Aujourd’hui, trois de ces cinq femmes ont reçu des ordres d’expulsion. Pour les autres, ce n’est qu’une question de temps, relève le SIT. «Alors que ce sont des travailleuses qui participent à la prospérité du canton», souligne Mirella Falco, secrétaire syndicale. Le SIT s’indigne qu’elles soient traitées en criminelles et pas en victimes pour le seul fait de se trouver en situation irrégulière. Il exige un changement de pratiques de la police et rappelle que le protocole en vigueur postule la protection des
victimes.
«Nous voulons que les deux procédures, violences et statut, soient dissociées», détaille Blerta Tolaj, juriste au SIT. «La police n’a pas à demander le statut de la personne, renchérit Ximena Osorio Garate. La pièce d’identité doit suffire pour la procédure.» Elles en veulent pour preuve la pratique du Tribunal des prud’hommes et que le Ministère public, renonçant à poursuivre une femme dans un cas similaire, notait qu’il «convient d’éviter, qu’à l’avenir, une victime de violence se mure dans le silence du fait de son séjour illégal». Enfin, la Suisse est signataire de la Convention d’Istanbul. Pour le SIT, ces situations constituent une violence d’Etat et garantissent l’impunité des agresseurs.

Respect de la loi

Clairement attaqué, le Département des institutions et du numérique a répondu avoir repris la procédure policière avec le Ministère public, dans l’esprit de la convention d’Istanbul, après un cas similaire en 2024. «Les personnes sont d’abord entendues en tant que victimes et traitées comme telles indépendamment de leur statut.

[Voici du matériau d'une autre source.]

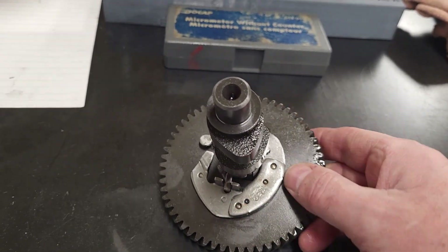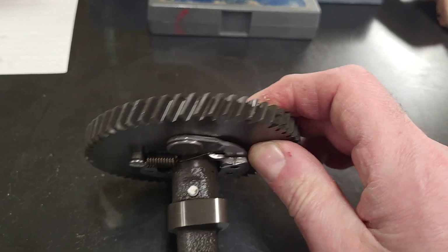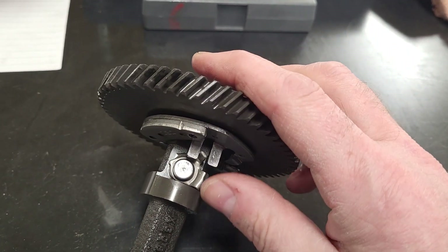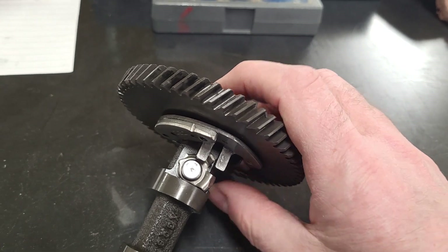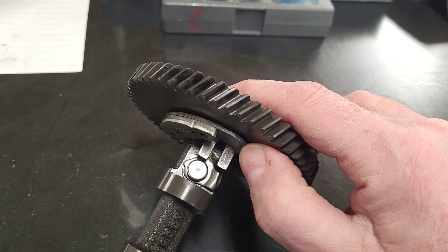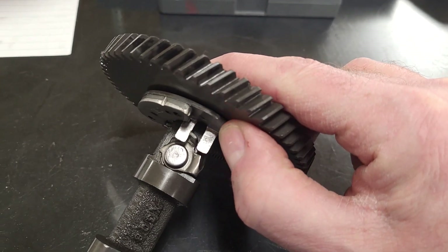The way it works is if you look closely on this exhaust lobe, you can see a small lever right here. As this moves in and out, that lever will move and you can see it pull backwards and forwards.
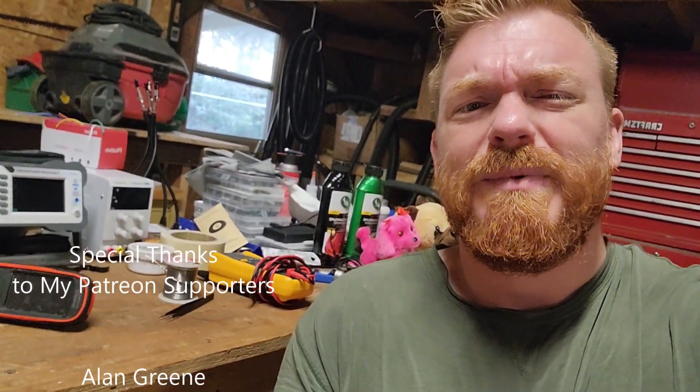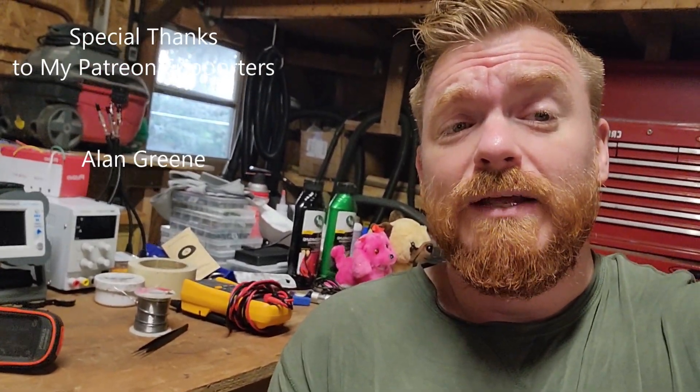The customer ultimately didn't want to go with the repair and that's fine — no hard feelings. Sorry there's no repair this go-around, but this was actually a fun device for me to take apart. Now I know the inner workings of it and I know I can get supplies for it, in case somebody would like theirs repaired in the future. Thanks for watching, take care, and goodbye.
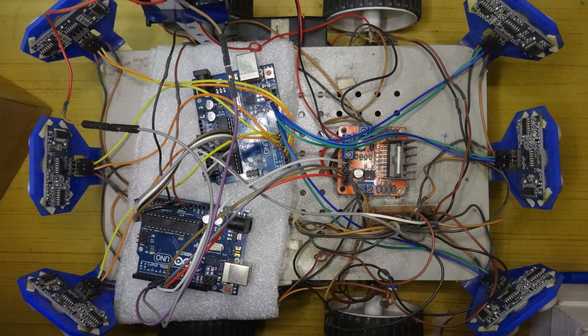Hey, welcome back everyone to another video. In this one I'll be showing you my dual Arduino rover and go through the design and how I came up with the idea. First, let's take a look at the components that have been used.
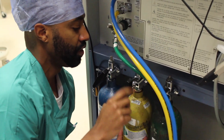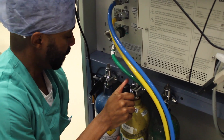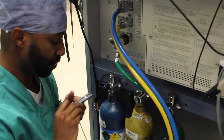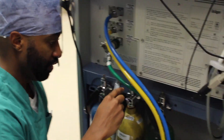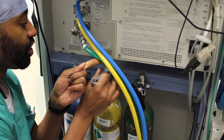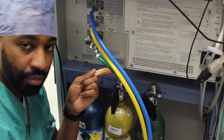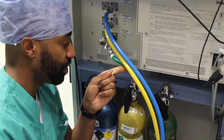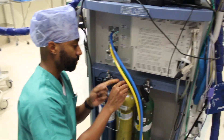Twist and close. It should hold, and the way to confirm that you're sealed — that you're locked in and there's no leak — take your key for your cylinder and open. You should not hear any hissing beyond that. And that is how you change the new tank for the back of the anesthesia machine.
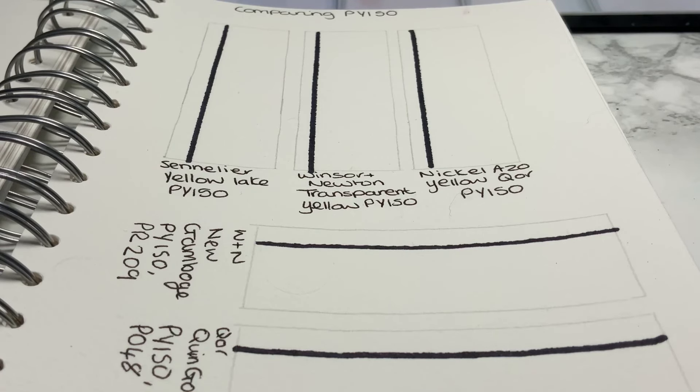Hi there, welcome to my channel. Today I'm going to be looking at my PY150 watercolour paints. I first came across this in my Winsor & Newton set — it's called Winsor & Newton Transparent Yellow PY150 pigment. I love it. It's probably my favourite yellow, and I've used it a lot, so I've actually increased the collection with some other brands.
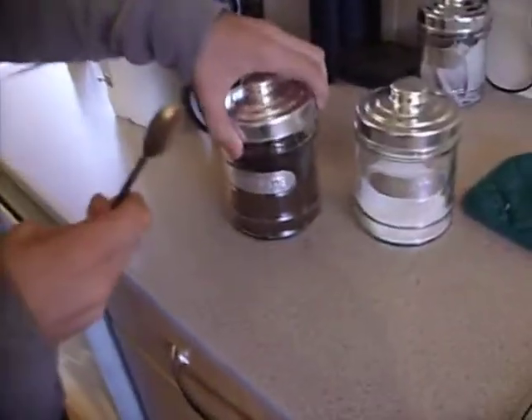Alright, I am going to teach you all how to make a good brew. Remember to come in, you start out with good coffee.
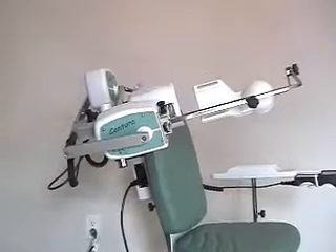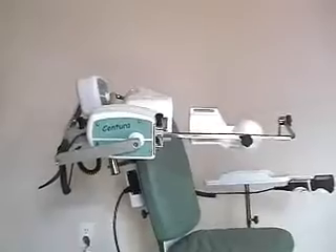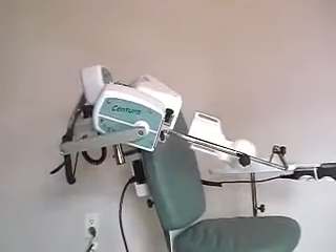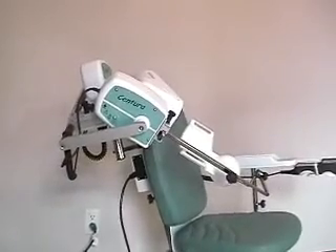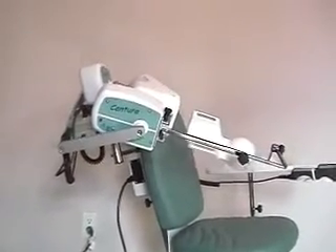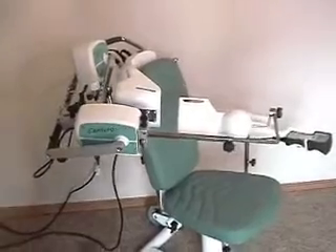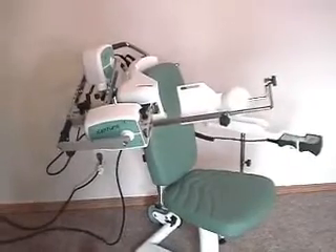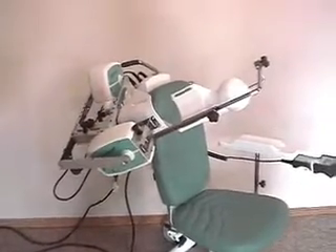Here we now have just the second motor, M2, doing rotation only with no ab or adduction occurring. Just as you saw, we can do ab and adduction with the arm held in any particular degree of rotation internally or externally. You can also put the first motor at any given point in the abduction range, stop it there, and then begin just rotation — internal or external — as we are doing now. You can see abduction is held in place with the first motor and the second motor is the only one showing any motion.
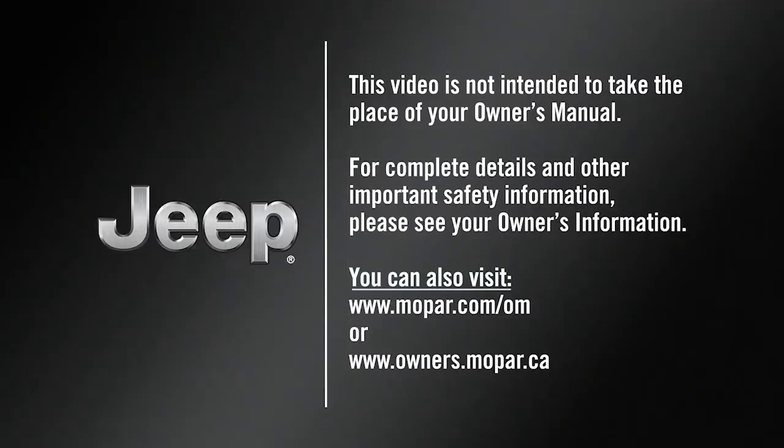This video is not intended to take the place of your owner's manual. For complete details and other important safety information, please see your owner's information.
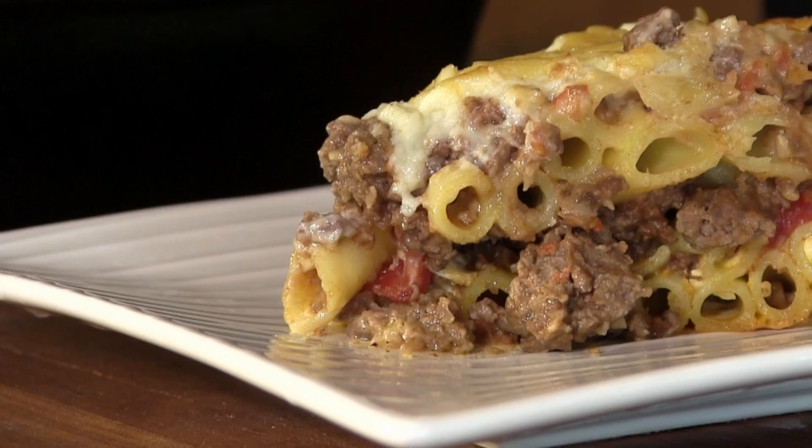Hello and thank you for stopping by Ballistic BBQ. On this video I'm going to be making a Greek style kind of lasagna called pastitsio. I'm sure I butchered the name, let me know how I'm supposed to pronounce it down below. And I'm going to be using the Primo Oval XL.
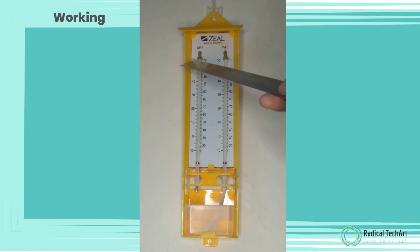Follow these steps. Wet the wick of the wet bulb thermometer with distilled water. Record the temperature shown on the dry bulb thermometer. Use a fan or wave the thermometers for a few minutes to allow the water on the wet bulb thermometer to evaporate, which causes the temperature to drop.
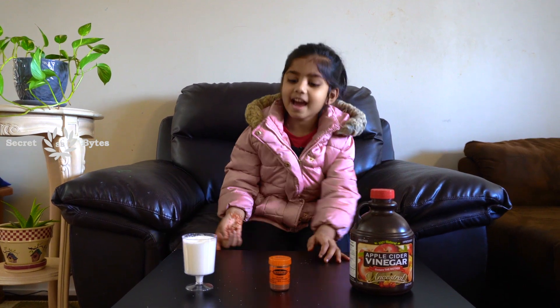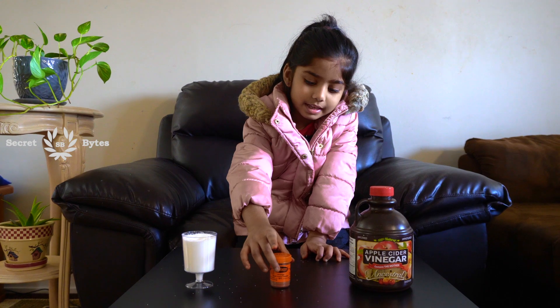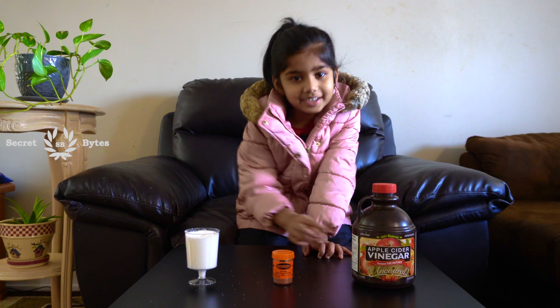Hi friends, welcome to Secret Bites. Today I'm going to make a snow wall canal. For that, I need baking soda, and then I need food coloring, and then I need vinegar.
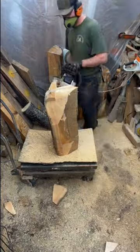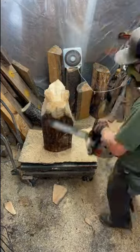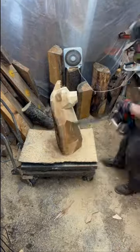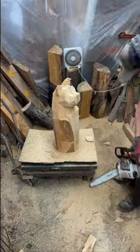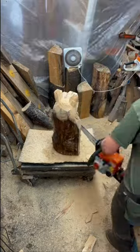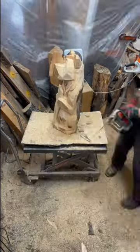Hey guys, do you want to learn how to chainsaw carve? I have full tutorials for beginner and intermediate chainsaw carvers right here on my channel — full step-by-step, two camera angle views to help you in pursuing and chasing the dream of creating art with a chainsaw.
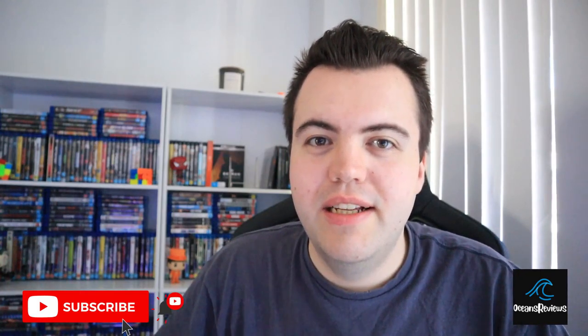Welcome back to the channel, it's Ocean's Reviews here. So I've got another cool little video for you guys. As you know, for a while I had this black movie shelf that wasn't really fantastic — it didn't really hold a lot of my movies. It couldn't hold all of them, and eventually I had to start putting movies on the floor, and I hated that.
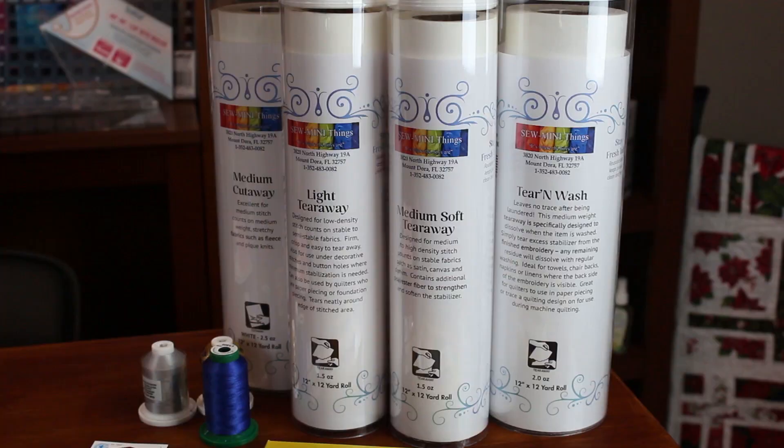We don't stock all of these stabilizers — we keep the basic ones around, the ones that people commonly purchase. If somebody wants one of those specialty ones, we're more than happy to order it for them. As a new beginning embroiderer, you should have a light tearaway, a medium tearaway, and a cutaway. Those are the ones you're going to want to get used to using, because those are the ones most often used in most of our projects.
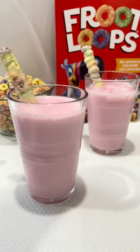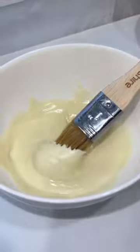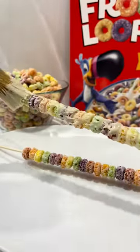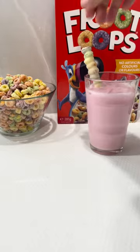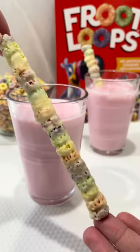Colorful and tasty, it's Fruit Loop straws time! Stack your Fruit Loop cereal on a wooden skewer, then dip a brush in melted white chocolate and paint between each loop. Be sure to coat the whole stack too. Let it sit in the fridge until the chocolate sets, then remove the straw from the skewer and bring in your milk. Delicious!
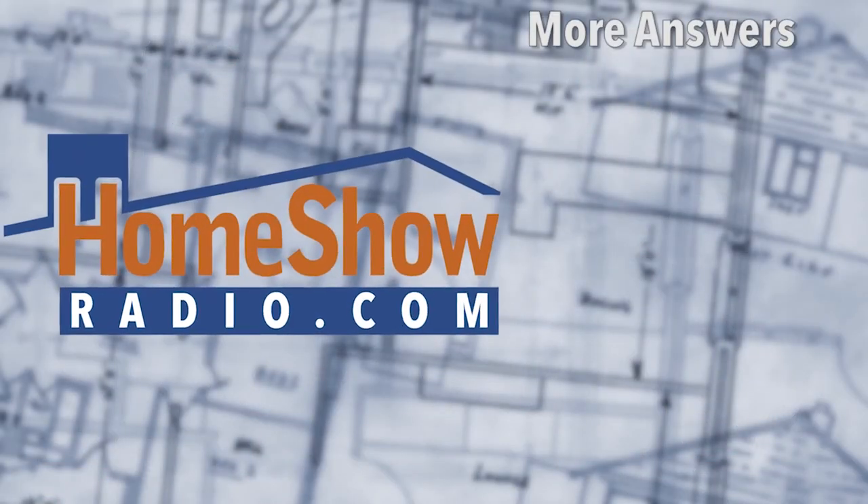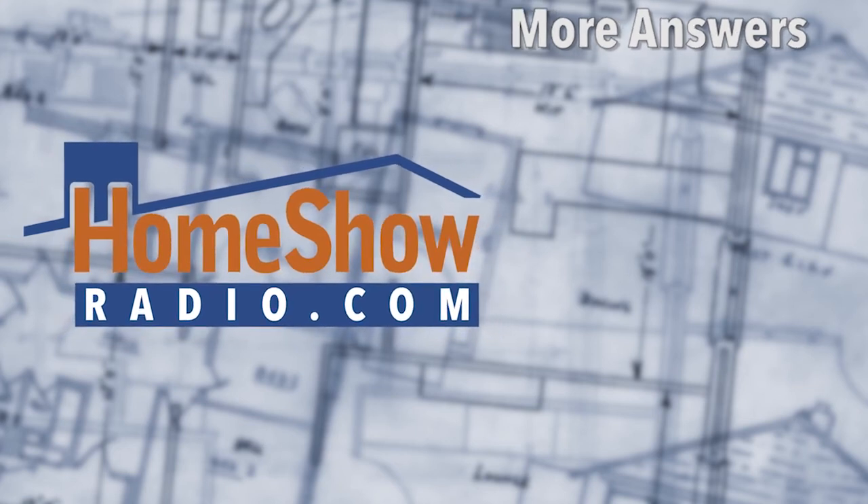You have a question? Send it our way at homeshowradio.com, or you can watch more answers here. Be sure and subscribe.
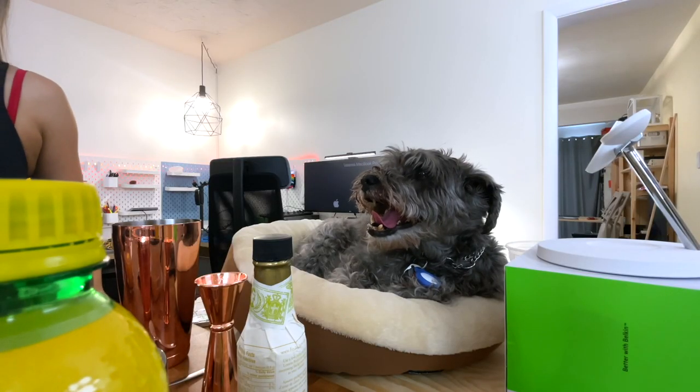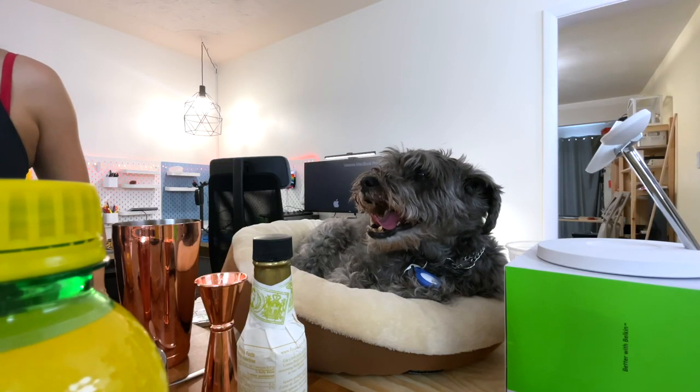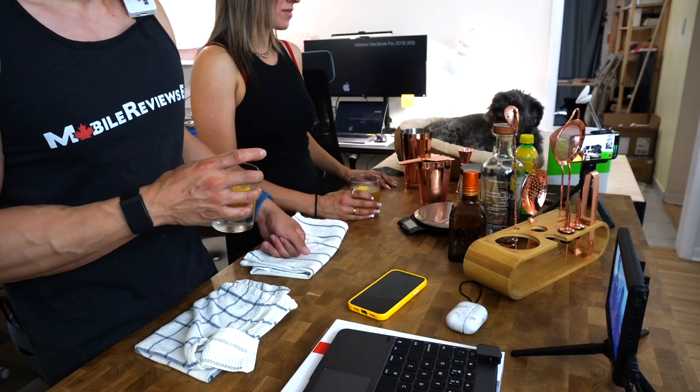Look how warm it is - Monty's panting in the studio. I think he was licking the ice in that thing, so we should probably not use that ice.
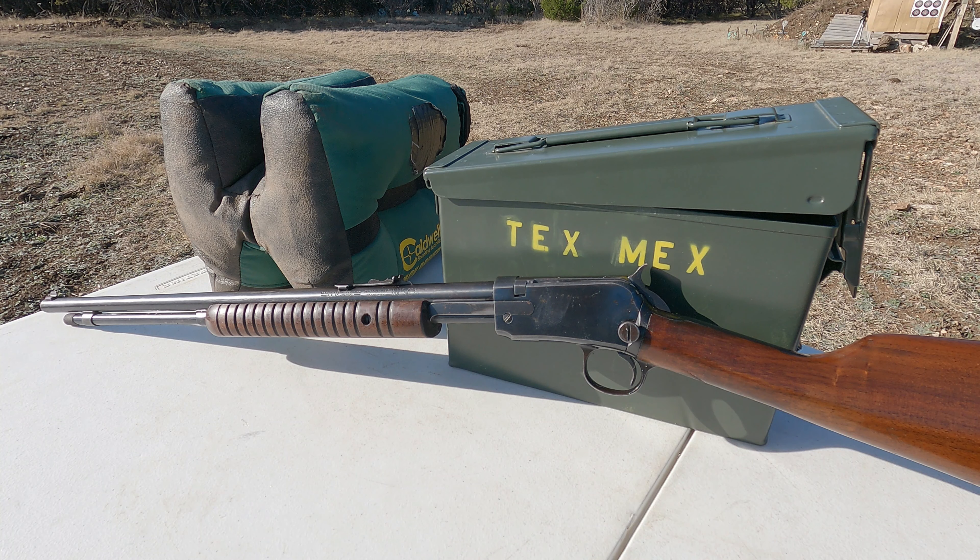Hi everybody, Tex-Mex here. Thanks for joining me for another video. This is just a quick video — it's an update on my 62A. I did a video a while back showing the 62A where I was comparing it to my father-in-law's. He's got one as well.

Ces personnes seront néanmoins
reconvoquées ultérieurement pour traiter de leur situation selon la Loi sur les étrangers et l’intégration.»
Carole-Anne Kast, magistrate chargée du DIN, affirme avec fermeté: «On ne peut pas demander aux autorités cantonales de violer le droit fédéral même si celui n’est pas adéquat face à ces situations.» Et de rappeler que le canton a demandé une modification de la loi dans le cadre d’une consultation fédérale.